Drilled Oil Passages (Oil Galleries)
– Internal drilled passages in the engine block, crankshaft, and connecting rods that allow oil to flow directly to critical components.
Purpose of Oil Galleries
– Ensure continuous lubrication of even the innermost engine components.
Main Bearings
– Engine components that receive oil through drilled passages to reduce friction and wear.
Connecting Rod Bearings
– Bearings lubricated by oil galleries to support smooth rod movement.
Camshaft and Valve Mechanisms
– Engine components that receive oil through internal passages.
Grooved Bearings and Journals
– Bearings designed with grooves and holes that distribute oil evenly around the rotating shaft.
Oil Film
– A protective layer of oil that prevents metal-to-metal contact between moving parts.
Oil Jets and Sprays (Piston Cooling Nozzles)
– Oil spray nozzles aimed at the underside of pistons in some aircraft engines.
Purpose of Oil Jets
– Reduce piston temperature, prevent piston distortion, and improve engine cooling.
Proper Crankcase Design (Oil Control)
– Engine crankcase and sump shape designed to control oil flow effectively.
Crankcase Oil Functions
– Direct oil flow correctly, prevent excessive foaming, and allow easy drainage for scavenge pumps.
Breather System
– A system that prevents pressure buildup inside the crankcase.
Purpose of Breather System
– Allows oil to circulate smoothly without being forced out of seals and gaskets.
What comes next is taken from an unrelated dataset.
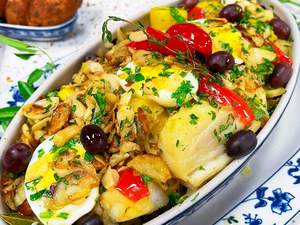 Bacalhoada de Forno: Segredo dos Chefs Revelado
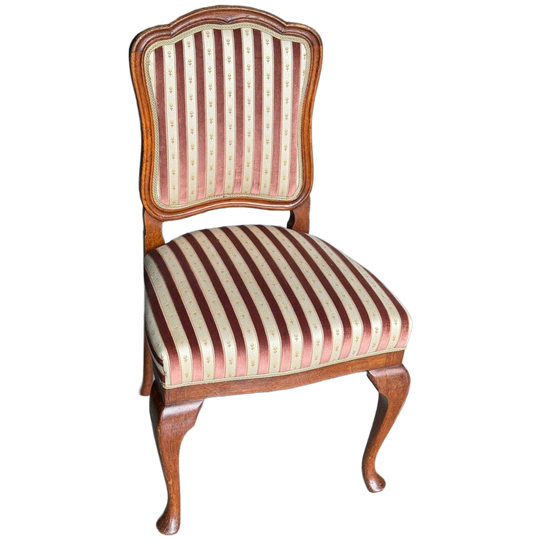 4 Antieke Stoelen - Zeer Goed Onderhouden 1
Lubrication Engineering Concept
– The engine is engineered specifically to support lubrication, not merely filled with oil.
Lubrication System Types
– Aircraft reciprocating engines use wet sump and dry sump lubrication systems.
Wet Sump System
– A lubrication system where oil is stored in the engine crankcase.
Wet Sump Oil Return
– Oil drains back into the sump by gravity after circulation.
Wet Sump Characteristics
– Simple, lightweight, but limited in oil capacity.
Dry Sump System
– A lubrication system where oil is stored in an external tank rather than in the crankcase.
Dry Sump Oil Circulation
– A pressure pump supplies oil while separate scavenge pumps return oil to the tank.
Dry Sump Advantage
– Allows more oil to be carried and performs better during sharp maneuvering.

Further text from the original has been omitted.